### [Work task]
Verbatim output of the lines below is required, with the images omitted.

++++ Data

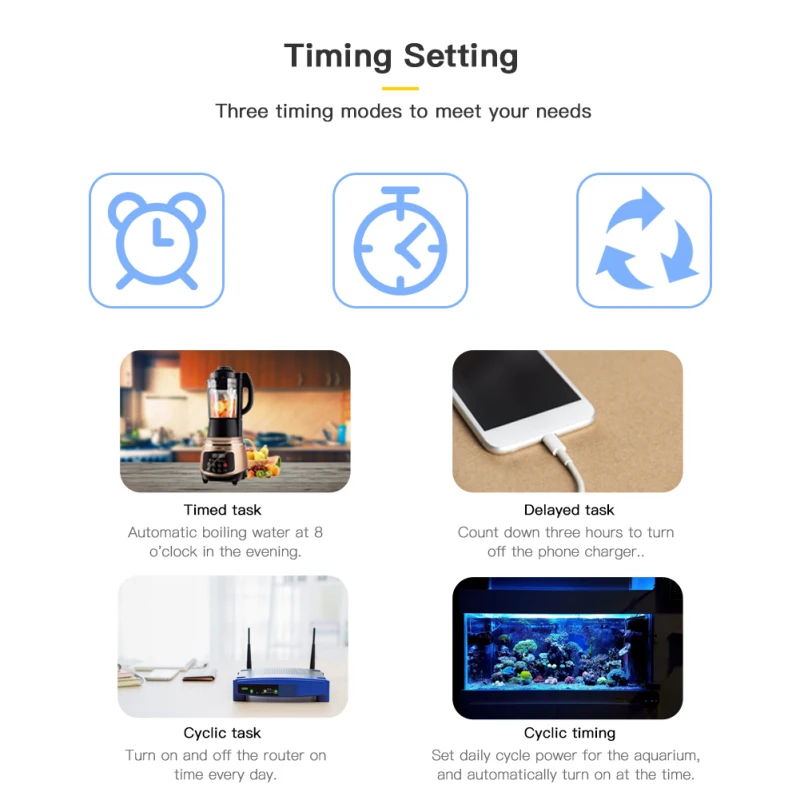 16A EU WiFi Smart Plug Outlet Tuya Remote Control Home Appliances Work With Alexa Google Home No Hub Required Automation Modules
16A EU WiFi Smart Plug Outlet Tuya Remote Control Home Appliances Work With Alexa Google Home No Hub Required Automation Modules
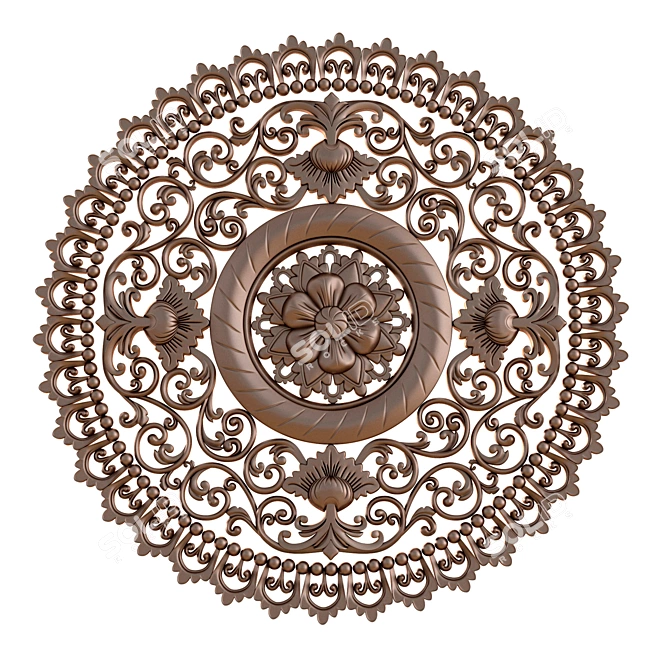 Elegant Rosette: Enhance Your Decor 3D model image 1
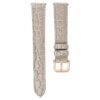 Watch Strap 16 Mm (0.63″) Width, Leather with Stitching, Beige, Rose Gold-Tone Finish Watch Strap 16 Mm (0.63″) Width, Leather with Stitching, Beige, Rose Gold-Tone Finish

++++++++

### [Answer to this exercise]
 16A EU WiFi Smart Plug Outlet Tuya Remote Control Home Appliances Work With Alexa Google Home No Hub Required Automation Modules
16A EU WiFi Smart Plug Outlet Tuya Remote Control Home Appliances Work With Alexa Google Home No Hub Required Automation Modules
 Elegant Rosette: Enhance Your Decor 3D model image 1
 Watch Strap 16 Mm (0.63″) Width, Leather with Stitching, Beige, Rose Gold-Tone Finish Watch Strap 16 Mm (0.63″) Width, Leather with Stitching, Beige, Rose Gold-Tone Finish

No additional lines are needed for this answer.